START Records for processing
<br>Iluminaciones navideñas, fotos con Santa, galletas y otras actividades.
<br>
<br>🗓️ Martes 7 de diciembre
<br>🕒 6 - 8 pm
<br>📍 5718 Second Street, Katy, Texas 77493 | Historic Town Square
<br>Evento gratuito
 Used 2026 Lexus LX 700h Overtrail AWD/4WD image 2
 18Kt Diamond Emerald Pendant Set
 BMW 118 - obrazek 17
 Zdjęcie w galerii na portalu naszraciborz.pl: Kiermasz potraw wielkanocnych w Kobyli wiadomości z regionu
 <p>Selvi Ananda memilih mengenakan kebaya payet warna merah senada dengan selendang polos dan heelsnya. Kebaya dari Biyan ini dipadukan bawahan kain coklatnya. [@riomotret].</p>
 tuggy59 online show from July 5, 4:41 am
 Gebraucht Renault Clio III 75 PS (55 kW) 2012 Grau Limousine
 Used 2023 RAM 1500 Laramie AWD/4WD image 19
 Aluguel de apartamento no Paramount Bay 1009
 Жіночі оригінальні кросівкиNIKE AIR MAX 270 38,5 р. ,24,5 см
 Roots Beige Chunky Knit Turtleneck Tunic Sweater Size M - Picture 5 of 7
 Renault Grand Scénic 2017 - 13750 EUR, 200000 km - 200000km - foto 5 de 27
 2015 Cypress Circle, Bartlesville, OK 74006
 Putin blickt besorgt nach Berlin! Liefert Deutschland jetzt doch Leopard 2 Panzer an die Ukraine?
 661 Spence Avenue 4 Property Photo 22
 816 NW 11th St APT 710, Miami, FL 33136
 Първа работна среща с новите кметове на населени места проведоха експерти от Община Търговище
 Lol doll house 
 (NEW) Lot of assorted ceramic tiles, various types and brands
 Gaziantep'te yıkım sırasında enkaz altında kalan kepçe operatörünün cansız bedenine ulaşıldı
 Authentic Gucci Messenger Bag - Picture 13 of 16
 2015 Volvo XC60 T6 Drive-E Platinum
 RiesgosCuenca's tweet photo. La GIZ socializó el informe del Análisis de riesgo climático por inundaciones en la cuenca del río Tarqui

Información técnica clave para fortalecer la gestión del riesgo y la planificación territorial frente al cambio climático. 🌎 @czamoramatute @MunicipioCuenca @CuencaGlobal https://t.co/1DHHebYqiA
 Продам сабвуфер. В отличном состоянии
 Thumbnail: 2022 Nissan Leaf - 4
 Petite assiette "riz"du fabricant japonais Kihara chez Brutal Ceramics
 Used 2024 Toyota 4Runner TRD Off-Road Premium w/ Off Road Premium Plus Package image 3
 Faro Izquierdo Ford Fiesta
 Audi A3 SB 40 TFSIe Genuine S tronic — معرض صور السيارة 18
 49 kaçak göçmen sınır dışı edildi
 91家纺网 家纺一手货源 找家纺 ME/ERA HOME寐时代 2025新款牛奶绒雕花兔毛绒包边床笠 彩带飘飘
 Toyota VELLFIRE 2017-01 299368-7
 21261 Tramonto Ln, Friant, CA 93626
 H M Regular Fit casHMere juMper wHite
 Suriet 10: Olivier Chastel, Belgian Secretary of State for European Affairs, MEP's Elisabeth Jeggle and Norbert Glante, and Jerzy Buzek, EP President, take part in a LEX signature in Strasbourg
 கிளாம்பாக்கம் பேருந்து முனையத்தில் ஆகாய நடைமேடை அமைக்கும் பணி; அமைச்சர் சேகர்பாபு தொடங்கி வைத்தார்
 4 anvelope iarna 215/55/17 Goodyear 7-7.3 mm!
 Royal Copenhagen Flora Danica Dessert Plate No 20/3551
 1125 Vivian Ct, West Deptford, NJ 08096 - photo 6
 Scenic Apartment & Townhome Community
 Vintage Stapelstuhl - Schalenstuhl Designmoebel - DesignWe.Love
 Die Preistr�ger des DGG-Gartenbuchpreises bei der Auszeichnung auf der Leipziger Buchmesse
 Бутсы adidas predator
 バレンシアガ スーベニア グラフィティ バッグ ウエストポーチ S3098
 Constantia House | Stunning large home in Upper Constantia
END Records for processing
- _Exercise aim_:
Could you print, exactly and with nothing else, the lines from the one containing "バレンシアガ スーベニア グラフィティ バッグ ウエストポーチ S3098" through the last line of the records above?

- _Exercise output_:
 バレンシアガ スーベニア グラフィティ バッグ ウエストポーチ S3098
 Constantia House | Stunning large home in Upper Constantia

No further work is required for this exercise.